Last week, I argued that students are the source of Caltech’s problems with student self-governance. This week, I will look at the centerpiece of our student government and ask, “What is wrong with ASCIT?”
My answer is simple: Donuts.
Of course, anyone who reads this newspaper knows this. Rarely does anyone complain publicly about club funding, the honor system, or student representation, but there were constant complaints about donuts during third term last year. In my entire time at Caltech, the only ASCIT legislation that was proposed by initiative has been a Bylaw amendment regarding donuts.
When put on a ballot, that initiative received only 40% of the vote, and this reveals a deep divide in the student body’s opinion of ASCIT’s proper role on campus. This divide has been growing over the years and has corresponded with a weakening central student government and a decline in student influence on campus.
There are basically two major opinions regarding ASCIT. First, there are students who believe their $60 a year in ASCIT dues buy them various services; most prominently the donuts they pay for every Friday morning. On the other side are students who believe that ASCIT has no business buying donuts at all. They would like to see clubs charge their own membership fees, publications sell their own subscriptions, and ASCIT concentrate on representing student views rather than subsidizing special interest groups.
Most students fall somewhere in the middle of that spectrum (actually, most don’t even think about these things at all), and opinions are often split across House lines. This ideological dispute has started to manifest itself over the past year in donut gravestones, ASCIT dropping parties, and water balloons at midnight donuts. Again, it is students against students undermining our ability to stand up to the administration.
It didn’t used to be like this. Even just 5 years ago students were pretty unified in laughing at ASCIT for throwing bad parties and making fun of ASCIT officers for taking themselves too seriously. The two rival factions of today have appeared when Caltech student government has reached something of a turning point.
The ASCIT of the past was focused on student services. ASCIT once operated a coffeehouse in the SAC and managed the monthly phone bills for all students living on campus. When students needed summer research, the ASCIT Research Project was initiated. To help students pick the best courses, the ASCIT Educational Policies Committee began publishing Teaching Quality Feedback Reports.
Today, Dining Services operates the coffeehouse, Telecommunications manages our phones, the SFP office oversees the SURF program, and each department handles their own teaching evaluations. Even further in the past, ASCIT once managed much of varsity athletics, which is now in the hands of professional coaches and administrators.
This transition from ASCIT to Student Affairs has been going on for decades. After all, what better way for Student Affairs to identify valuable student services than to pick from students’ own initiatives? Unfortunately, this model has broken down over the past two decades as Student Affairs has grown much faster than ASCIT.
Clubs can no longer rely on ASCIT to fund their activities without some Institute support. Administrators often create new programs to fit their own vision for Caltech. Students no longer look to ASCIT to provide them with new services, and when they do, instead of asking, “Why doesn’t ASCIT help to implement an online registration system?” they ask, “Why doesn’t ASCIT tell the administration to implement an online registration system?”
The reasons for this shift are simple.
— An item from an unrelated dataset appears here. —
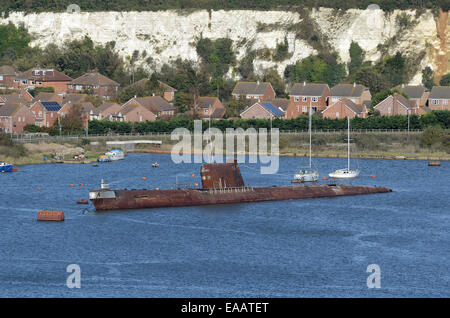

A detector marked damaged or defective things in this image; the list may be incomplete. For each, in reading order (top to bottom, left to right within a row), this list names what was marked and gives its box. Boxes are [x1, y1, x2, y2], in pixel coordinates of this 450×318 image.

rusted metal surface [89, 161, 392, 211]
ASCIT dues have been constant since 1984 while Caltech tuition has doubled. Students are paying their money to Student Affairs rather than ASCIT, so that’s where services have to come from. Money is power and we’ve been paying more and more of our power to the administration.
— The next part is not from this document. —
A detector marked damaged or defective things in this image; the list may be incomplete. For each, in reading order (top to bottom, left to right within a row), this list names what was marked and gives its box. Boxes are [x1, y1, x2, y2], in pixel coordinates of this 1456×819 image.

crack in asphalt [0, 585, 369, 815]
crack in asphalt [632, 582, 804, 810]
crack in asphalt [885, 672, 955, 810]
Raising ASCIT dues may seem like the obvious solution here, and doing that would certainly help the cause of Friday morning donuts. More money would put more flexibility in the ASCIT budget and allow students more influence to support the things they want to do. However, more money certainly isn’t the only solution to this problem.
Rather than trying to reclaim ASCIT’s role of primary student service provider, we could simply accede to Student Affairs. Instead of trying to compete with administrators we could work more closely with them to identify and respond to student needs. Currently, only the ASCIT President works with the administration on a regular basis. All the other ASCIT officers have jobs related to internal issues – a relic of ASCIT’s past. If ASCIT wants to shift its focus, some major restructuring will need to be done, which should probably start with a stronger focus on student representatives to campus committees.
In either scheme, ASCIT donuts don’t make a whole lot of sense. The traditional Friday morning donuts were first delivered by MOSH’s in the 1980’s and ASCIT took over the responsibility in the 1990’s. They are a cost passed from the administration to the student government, a student tradition created by an administrator, and now they are a polarizing issue. I genuinely hope that someday soon the student body will get over donuts so ASCIT can regain a meaningful role in providing student services.
But what then? Should we raise dues or focus more on representation? How about both?